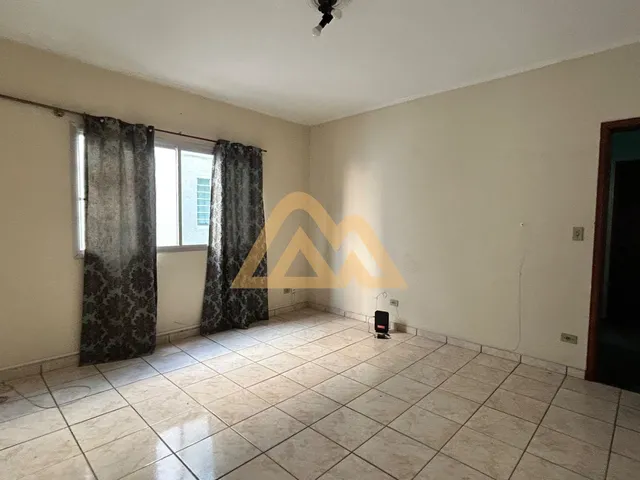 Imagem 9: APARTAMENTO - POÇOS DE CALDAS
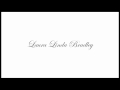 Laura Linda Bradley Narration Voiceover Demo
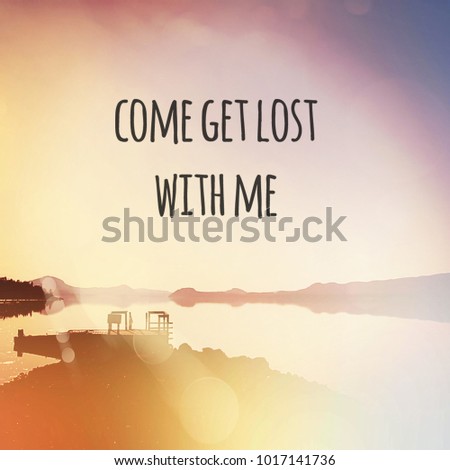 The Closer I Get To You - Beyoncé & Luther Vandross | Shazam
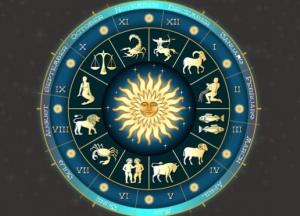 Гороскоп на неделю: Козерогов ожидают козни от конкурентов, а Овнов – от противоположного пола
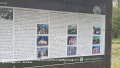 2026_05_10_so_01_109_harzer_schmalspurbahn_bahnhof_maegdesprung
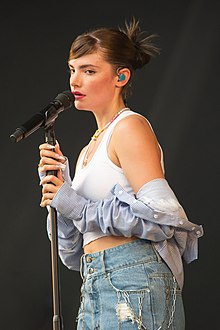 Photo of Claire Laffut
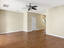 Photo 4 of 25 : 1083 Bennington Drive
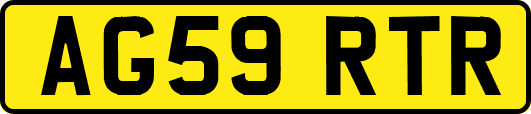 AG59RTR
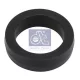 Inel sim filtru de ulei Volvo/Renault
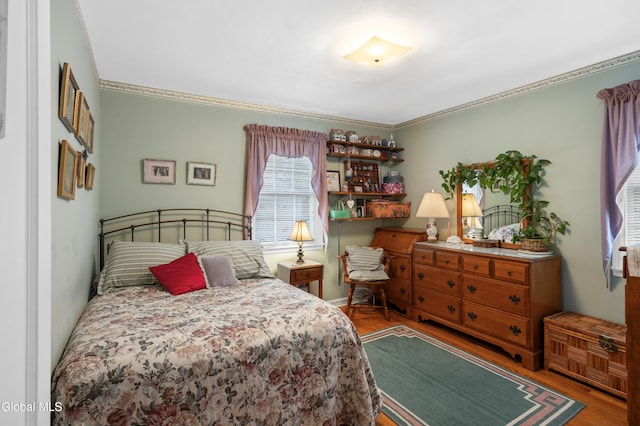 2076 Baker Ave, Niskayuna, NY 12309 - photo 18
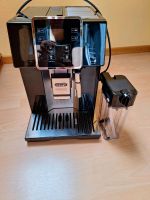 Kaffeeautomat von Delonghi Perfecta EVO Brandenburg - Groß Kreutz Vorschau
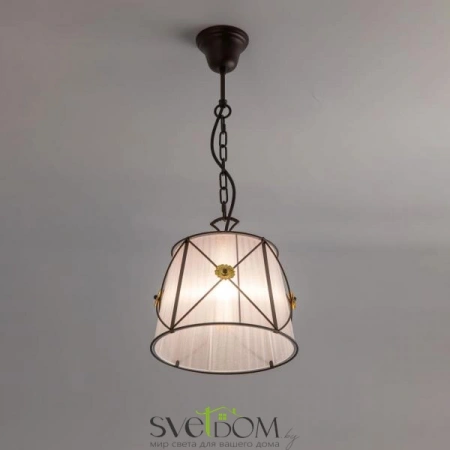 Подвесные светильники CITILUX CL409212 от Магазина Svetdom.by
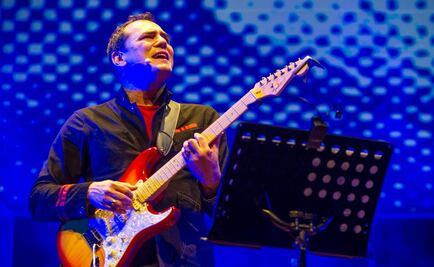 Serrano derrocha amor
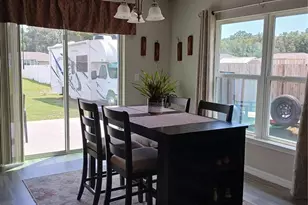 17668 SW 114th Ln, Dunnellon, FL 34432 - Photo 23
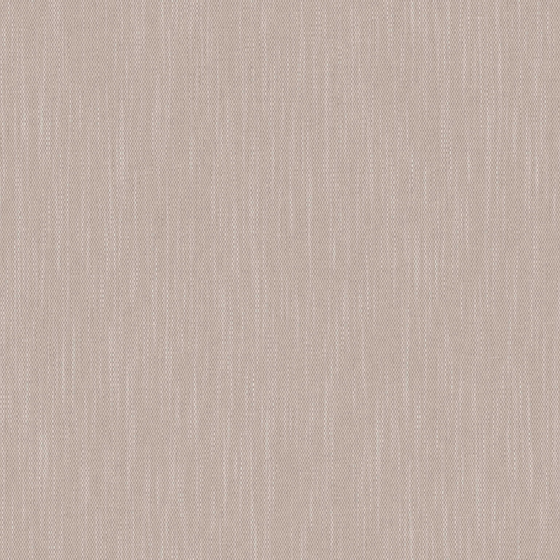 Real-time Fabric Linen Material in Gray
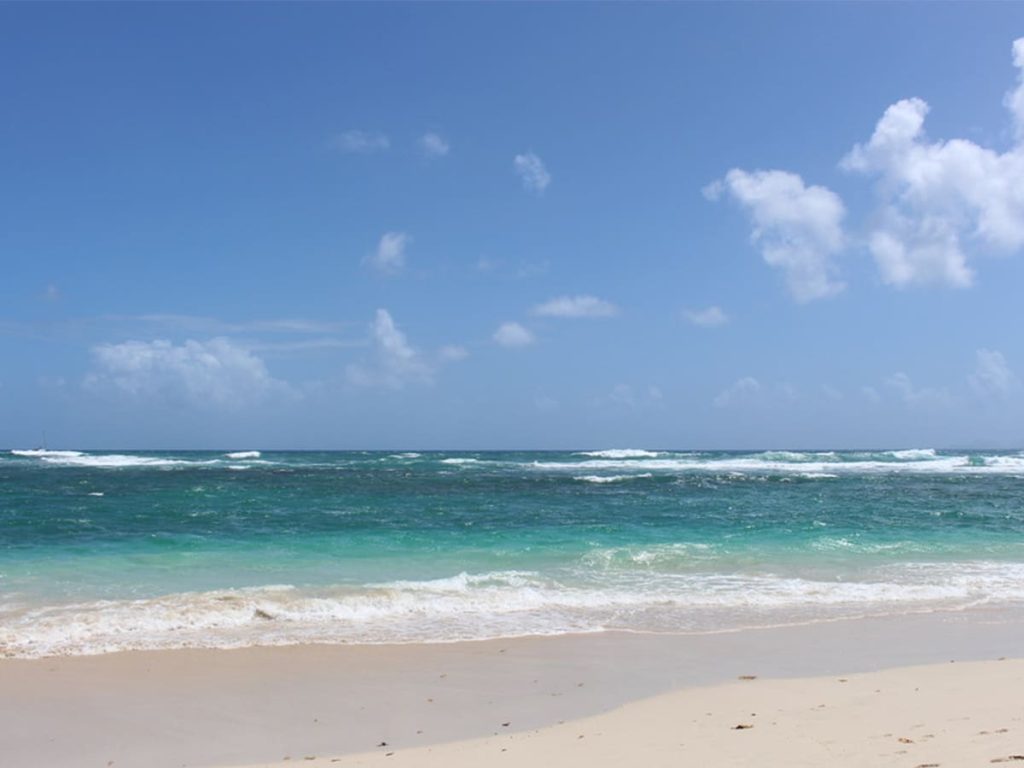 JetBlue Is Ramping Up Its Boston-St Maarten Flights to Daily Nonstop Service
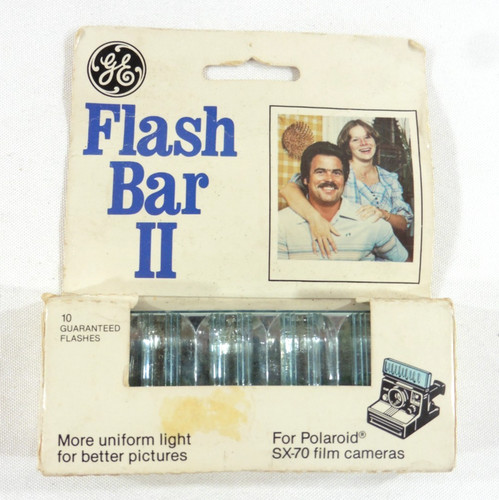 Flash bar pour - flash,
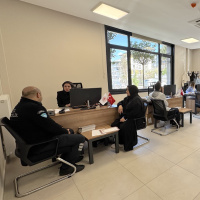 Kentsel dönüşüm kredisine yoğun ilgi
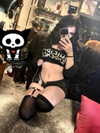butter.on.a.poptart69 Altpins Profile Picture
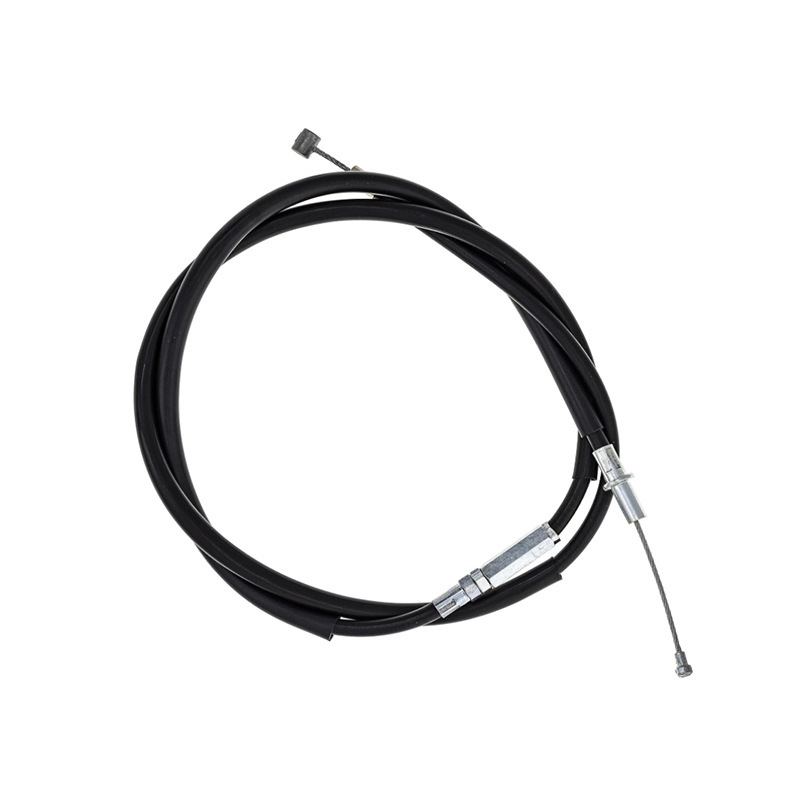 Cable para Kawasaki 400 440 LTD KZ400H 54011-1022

REQUIRED WORK -> When a picture appears in the material, please pass over it while retyping the rest exactly.

FINISHED EXERCISE ->
 Imagem 9: APARTAMENTO - POÇOS DE CALDAS
 Laura Linda Bradley Narration Voiceover Demo
 The Closer I Get To You - Beyoncé & Luther Vandross | Shazam
 Гороскоп на неделю: Козерогов ожидают козни от конкурентов, а Овнов – от противоположного пола
 2026_05_10_so_01_109_harzer_schmalspurbahn_bahnhof_maegdesprung
 Photo of Claire Laffut
 Photo 4 of 25 : 1083 Bennington Drive
 AG59RTR
 Inel sim filtru de ulei Volvo/Renault
 2076 Baker Ave, Niskayuna, NY 12309 - photo 18
 Kaffeeautomat von Delonghi Perfecta EVO Brandenburg - Groß Kreutz Vorschau
 Подвесные светильники CITILUX CL409212 от Магазина Svetdom.by
 Serrano derrocha amor
 17668 SW 114th Ln, Dunnellon, FL 34432 - Photo 23
 Real-time Fabric Linen Material in Gray
 JetBlue Is Ramping Up Its Boston-St Maarten Flights to Daily Nonstop Service
 Flash bar pour - flash,
 Kentsel dönüşüm kredisine yoğun ilgi
butter.on.a.poptart69 Altpins Profile Picture
 Cable para Kawasaki 400 440 LTD KZ400H 54011-1022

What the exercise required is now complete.